Da dire, suonare, danzare
"Non possiamo essere insieme quel che siamo e quel che fummo..."
da dire, suonare, danzare
musica Igor Stravinsky
testo Charles-Ferdinand Ramuz
versione italiana Giusi Checcaglini e Luca Micheletti
Intermezzo:
Tre pezzi per clarinetto solo (1918)
di Igor Stravinsky
regia e ideazione scenica Luca Micheletti
maestro concertatore e direttore Angelo Bolciaghi
Il diavolo Luca Micheletti
Il soldato Massimo Scola
Il narratore Valter Schiavone
La principessa Lidia Carew
Il diavolo (scene danzate) Andrea Bou Othmane
violino Daniele Richiedei
clarinetto Giuseppe Bonandrini
fagotto Anna Maria Barbaglia
cornetta Marco Bellini
trombone Devid Ceste
contrabbasso Gianpiero Fanchini
percussioni Francesco Bodini
light designer Fabrizio Ballini
sculture Luigi Casermieri e Liliana Confortini
assistente alla regia Francesco Martucci
assistente ai movimenti scenici Silvia Illari
produzione Compagnia teatrale I Guitti e CamerOperEnsemble
in collaborazione con Ravenna Festival
In un’Europa prostrata dalla guerra e dall’epidemia di spagnola del 1918, Stravinskij e Ramuz compongono e mettono in scena l’Histoire du soldat, con l’encomiabile volontà di dare vita ad un’utopia – quella dell’arte che continua nonostante tutto e con tutti i mezzi che ha a disposizione –, riunendo un’eterogeneacompagine formata da musicisti, attori e danzatori.
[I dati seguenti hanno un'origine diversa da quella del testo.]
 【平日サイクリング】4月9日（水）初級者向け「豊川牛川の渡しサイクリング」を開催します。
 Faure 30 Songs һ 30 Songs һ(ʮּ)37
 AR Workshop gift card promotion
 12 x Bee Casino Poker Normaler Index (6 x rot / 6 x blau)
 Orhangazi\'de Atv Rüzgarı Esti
Gli illustri sodali avrebbero dovuto improvvisare un’avventurosa tournée per le province svizzere dell’immediato primo dopoguerra. Il destino dell’opera fu però differente: dopo il debutto lo spettacolo dovette interrompersi, ma presto l’Histoire fu salutata come un gioiello destinato a fare scuola, uno dei più innovativi e riusciti tentativi di dare vita alla chimera dell’opera d’arte totale in una raffinata versione da camera. Attraverso l’alternarsi di scene recitate, narrate, danzate e numeri esclusivamente strumentali, una sorta di eclettico caravanserraglio racconta l’antico scontro tra il bene e il male, il mito intramontabile dell’incontro con il diavolo e della compravendita dell’anima (qui simboleggiata dal celebre violino) tradotto in una fiaba popolare, vivace ed emozionante.
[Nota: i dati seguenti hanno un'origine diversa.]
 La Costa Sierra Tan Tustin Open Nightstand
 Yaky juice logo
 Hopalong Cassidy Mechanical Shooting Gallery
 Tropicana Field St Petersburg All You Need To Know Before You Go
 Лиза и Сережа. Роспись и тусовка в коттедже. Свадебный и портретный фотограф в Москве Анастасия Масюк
In tempi difficili, si guarda al mito per ritrovare se stessi e una strada: ed è il mito di Faust che Stravinskij seleziona – sempre caro agli artisti che vogliono spingere “oltre” il loro sguardo – qui declinato nella forma semplice e arcana dell’antica leggenda russa raccolta e narrata da Afanas’ev. Compiendo un viaggio di formazione alla ricerca della felicità, il soldato rintraccerà amaramente il senso della vita nel solenne monito che chiude l’opera: «Non è consentito avere tutto. La felicità è una», da intendersi come un invito a dar valore al presente e a vivere senza egoismi ogni istante della vita.